By the glow of the vanity mirror Bernard Apache sat, smoking a cigarette, his brown trousers around his ankles, his moon-white legs spread. A head of long black hair bobbed furiously between his thighs. “Oh,” he said, seeing me.

Lucy did not try to right her appearance or dissemble — a futile task anyway, but a kind of expected courtesy — beyond shooting up and rubbing her mouth with the back of her hand, straightening her tousled dress and saying, “Giovanni, oh my G-ah-d, Giovanni!” She squeezed and unsqueezed her fists, nervously.

I squeezed mine, too.

“Giovaaanni!” She hopped up and down. “What are you doooing here?”

“Meeee?! What am I doing heeeere?” Like that, I had it! Yes! Her thread. The eyes had been right all along (hurt, wronged, accused, accusing), but I was missing the hands and tantrum feet. This was Lucy. When I would thrust her from behind and she would look back with those horrified, happy eyes, it was to reward me, to announce that she had, for a moment, been caught. Caught is what she wanted to be.

“Stooop it,” I said to her. “Just — just leave me alooone.”

Now that I had it, I could pull away, each strand joining the whole — the tilt of her head, the wild vowels. “Giovaaanni, please,” I said, squeezing and unsqueezing my fists. The plastic-covered clothes on the rack, the rusty pipes, Apache, who had pulled up his pants but did not move from the chair, lighting a cigarette; Lucy who headed for the door — all of it seemed to be shaking.

“Giovaaaaanni! Nooo!”

• • •

A wailing infant on the crosstown bus, a homeless man saying, “Howdy do,” an irate black preacher surrounded by bruisers in fezzes notifying Second Avenue that God would be returning in a few days and wouldn’t be pleased. “You will be saved or you will be damned!” I yelled back at him. “A decision is required, it is required!” until one of those fezzed meatheads shoved me to the curb. “You the lieutenant of the devil,” he said. “Be gone, white man.”

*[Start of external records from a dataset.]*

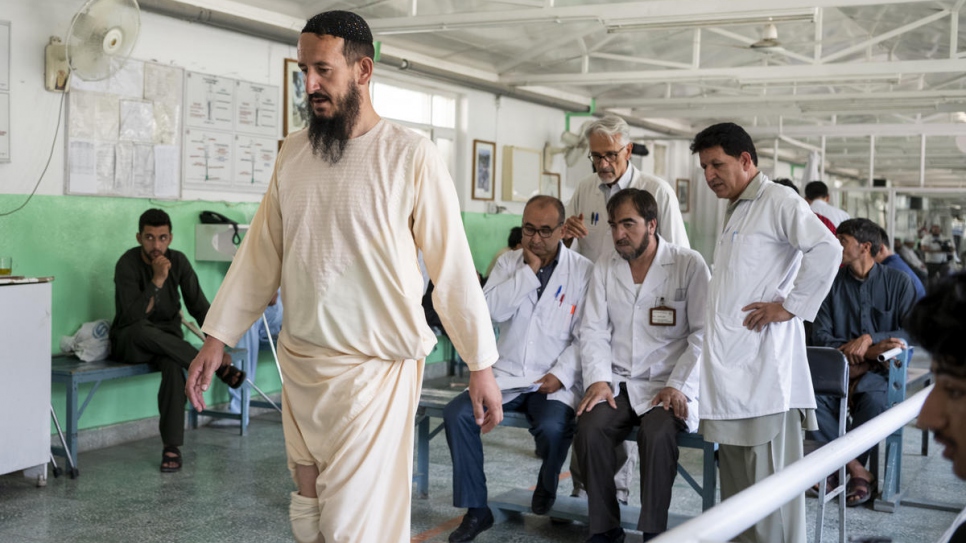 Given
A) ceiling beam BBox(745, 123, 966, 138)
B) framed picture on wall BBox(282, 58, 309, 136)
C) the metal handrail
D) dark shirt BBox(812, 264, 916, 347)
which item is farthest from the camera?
ceiling beam BBox(745, 123, 966, 138)

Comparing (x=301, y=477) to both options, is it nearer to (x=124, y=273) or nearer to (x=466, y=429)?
(x=466, y=429)

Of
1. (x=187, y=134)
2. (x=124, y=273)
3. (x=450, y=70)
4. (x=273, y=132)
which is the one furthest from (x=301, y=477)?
(x=450, y=70)

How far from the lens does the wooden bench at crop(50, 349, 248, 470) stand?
17.3 ft

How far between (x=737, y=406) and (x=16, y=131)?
4.18 m

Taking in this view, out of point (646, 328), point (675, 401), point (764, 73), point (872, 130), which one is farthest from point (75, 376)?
point (872, 130)

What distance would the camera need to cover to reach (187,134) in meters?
6.51

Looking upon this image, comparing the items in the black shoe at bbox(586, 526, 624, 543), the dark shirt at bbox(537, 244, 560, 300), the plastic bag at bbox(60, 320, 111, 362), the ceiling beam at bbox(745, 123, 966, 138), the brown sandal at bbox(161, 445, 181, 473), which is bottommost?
the brown sandal at bbox(161, 445, 181, 473)

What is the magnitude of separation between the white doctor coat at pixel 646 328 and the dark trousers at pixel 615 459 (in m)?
0.11

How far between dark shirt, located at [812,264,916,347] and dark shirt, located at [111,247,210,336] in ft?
11.0

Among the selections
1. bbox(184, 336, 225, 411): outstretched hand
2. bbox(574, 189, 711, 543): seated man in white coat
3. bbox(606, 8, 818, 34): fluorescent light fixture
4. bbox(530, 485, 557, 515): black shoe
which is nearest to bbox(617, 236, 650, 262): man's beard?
bbox(574, 189, 711, 543): seated man in white coat

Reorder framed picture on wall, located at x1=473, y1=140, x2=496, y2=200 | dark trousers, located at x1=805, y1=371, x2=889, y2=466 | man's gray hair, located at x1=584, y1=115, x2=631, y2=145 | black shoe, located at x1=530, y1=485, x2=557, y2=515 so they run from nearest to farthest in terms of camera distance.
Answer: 1. black shoe, located at x1=530, y1=485, x2=557, y2=515
2. man's gray hair, located at x1=584, y1=115, x2=631, y2=145
3. dark trousers, located at x1=805, y1=371, x2=889, y2=466
4. framed picture on wall, located at x1=473, y1=140, x2=496, y2=200

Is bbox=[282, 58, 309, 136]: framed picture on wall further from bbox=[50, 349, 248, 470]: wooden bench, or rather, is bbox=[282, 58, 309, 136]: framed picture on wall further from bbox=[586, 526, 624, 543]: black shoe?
bbox=[586, 526, 624, 543]: black shoe

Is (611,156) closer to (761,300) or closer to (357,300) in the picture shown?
(761,300)

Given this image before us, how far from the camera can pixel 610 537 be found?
12.9 feet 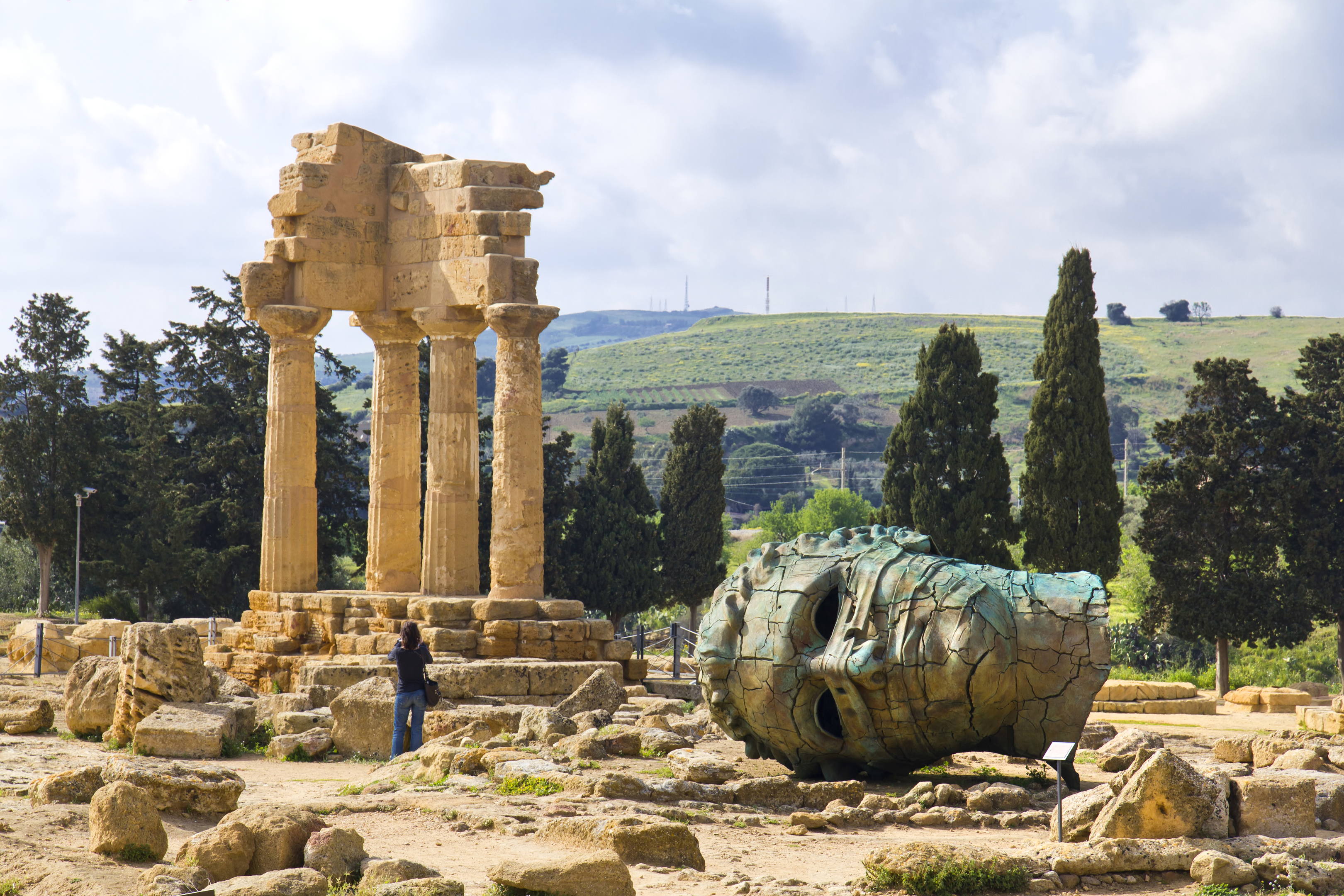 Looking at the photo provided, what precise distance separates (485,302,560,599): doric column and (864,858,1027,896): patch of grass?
13.1 m

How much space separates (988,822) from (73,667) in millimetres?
11184

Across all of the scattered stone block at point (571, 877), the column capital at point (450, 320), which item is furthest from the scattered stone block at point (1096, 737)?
the column capital at point (450, 320)

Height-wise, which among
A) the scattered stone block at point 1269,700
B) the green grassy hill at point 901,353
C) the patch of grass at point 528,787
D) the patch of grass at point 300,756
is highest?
the green grassy hill at point 901,353

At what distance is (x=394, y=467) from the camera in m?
23.9

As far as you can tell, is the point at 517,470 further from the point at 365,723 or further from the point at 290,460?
the point at 365,723

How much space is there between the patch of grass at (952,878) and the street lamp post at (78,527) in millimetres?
28681

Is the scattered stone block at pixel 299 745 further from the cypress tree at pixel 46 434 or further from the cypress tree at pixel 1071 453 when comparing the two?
the cypress tree at pixel 46 434

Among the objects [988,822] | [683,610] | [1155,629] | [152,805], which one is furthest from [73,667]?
[683,610]

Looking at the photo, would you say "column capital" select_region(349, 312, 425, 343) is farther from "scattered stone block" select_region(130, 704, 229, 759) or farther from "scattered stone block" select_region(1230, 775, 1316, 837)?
"scattered stone block" select_region(1230, 775, 1316, 837)

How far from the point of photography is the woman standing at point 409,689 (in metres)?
14.8

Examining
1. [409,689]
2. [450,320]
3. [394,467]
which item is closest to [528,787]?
[409,689]

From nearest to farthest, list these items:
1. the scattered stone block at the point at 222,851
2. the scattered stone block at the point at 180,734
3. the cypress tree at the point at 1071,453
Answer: the scattered stone block at the point at 222,851
the scattered stone block at the point at 180,734
the cypress tree at the point at 1071,453

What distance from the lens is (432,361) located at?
22859 mm

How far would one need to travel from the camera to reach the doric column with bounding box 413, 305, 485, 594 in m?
22.2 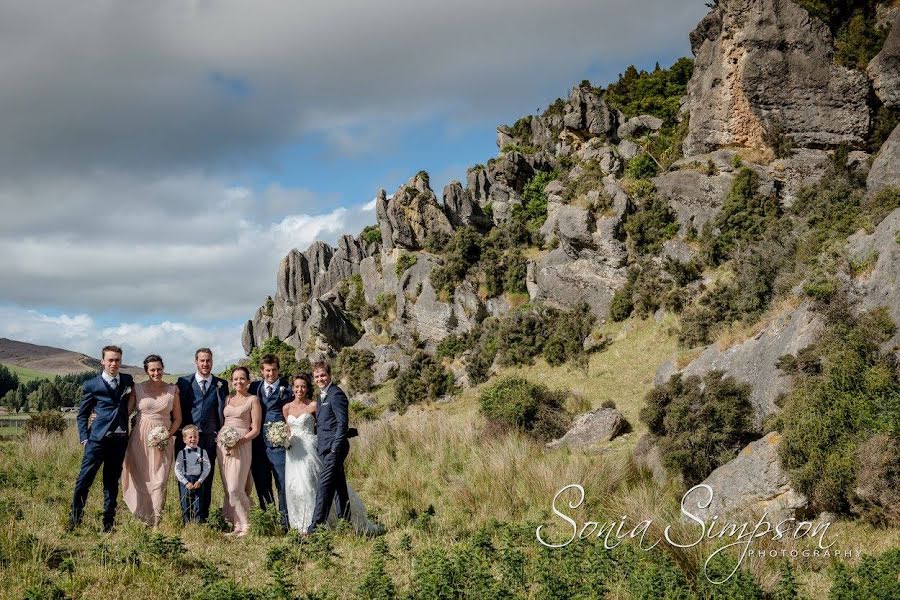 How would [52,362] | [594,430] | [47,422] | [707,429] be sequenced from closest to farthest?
1. [707,429]
2. [594,430]
3. [47,422]
4. [52,362]

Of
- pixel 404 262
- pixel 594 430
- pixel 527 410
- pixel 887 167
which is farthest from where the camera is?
pixel 404 262

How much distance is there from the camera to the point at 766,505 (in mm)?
8250

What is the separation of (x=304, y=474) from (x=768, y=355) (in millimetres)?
8997

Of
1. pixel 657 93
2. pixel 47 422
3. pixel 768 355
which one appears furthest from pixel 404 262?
pixel 768 355

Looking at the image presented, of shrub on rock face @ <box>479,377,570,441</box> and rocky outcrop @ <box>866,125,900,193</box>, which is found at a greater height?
rocky outcrop @ <box>866,125,900,193</box>

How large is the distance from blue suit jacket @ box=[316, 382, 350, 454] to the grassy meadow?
1081 millimetres

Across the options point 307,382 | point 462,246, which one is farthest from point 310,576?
point 462,246

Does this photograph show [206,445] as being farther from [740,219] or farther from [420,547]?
[740,219]

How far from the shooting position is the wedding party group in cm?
744

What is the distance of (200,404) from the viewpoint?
26.4 ft

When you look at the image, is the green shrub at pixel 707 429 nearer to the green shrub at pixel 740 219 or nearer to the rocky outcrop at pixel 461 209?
the green shrub at pixel 740 219

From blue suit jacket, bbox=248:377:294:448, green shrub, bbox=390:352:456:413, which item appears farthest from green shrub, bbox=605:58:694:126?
blue suit jacket, bbox=248:377:294:448

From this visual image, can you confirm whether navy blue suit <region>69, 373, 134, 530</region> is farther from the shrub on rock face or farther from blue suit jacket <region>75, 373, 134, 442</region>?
the shrub on rock face

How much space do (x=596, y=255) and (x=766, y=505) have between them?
2735 cm
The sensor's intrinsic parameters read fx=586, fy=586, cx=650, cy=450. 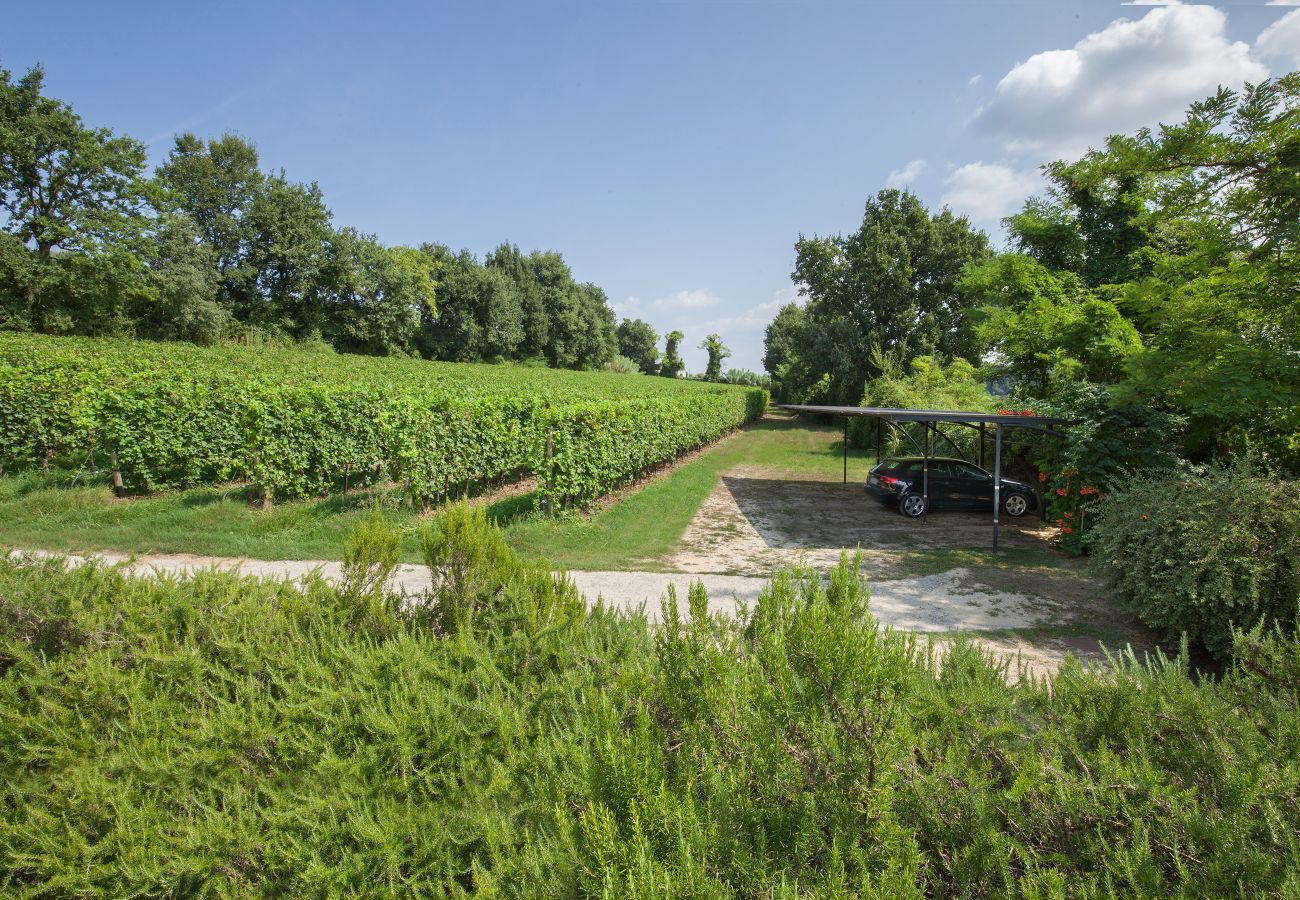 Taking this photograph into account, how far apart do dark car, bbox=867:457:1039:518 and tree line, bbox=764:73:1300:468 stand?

My ending up at the Ambassador Hotel must have required various darting actions — packing a bag, hailing a cab, surviving the rich, handsome life of the lobby (the perfume shop manned by women who seemed always to pull down the ends of their blouses in a state of vigilant self-maintenance; the ring of armchairs by the window where men with pinky rings and silk cravats spoke in hushed voices) — though I remember only shutting the heavy door to room 3015, entering that sealed chamber ensconced in crimson drapes. It was what I’d come for, that hotel-room silence, thick and expensive (yes, in this fevered state I began to celebrate money and its uses for the first time; it was a means of separating yourself from the noises of the street by thirty stories, to hide away in some tower by the park; I thought of it, physically, as padding that you could stick between yourself and the world).

And yet, after only an hour or so, the silence proved far worse than any street noise. Like outer space, it coaxed a body to explode. I coughed up what voices I knew, but each stung my throat. Pacing, squeezing my neck, I noticed a radio on the nightstand. I flipped it on, undamming the voices. A newscast. A radio play about pilgrims. I mumbled along, like a parishioner. With some relief, I let it play through the night. That way, if I woke up at three a.m., there would be something in the air.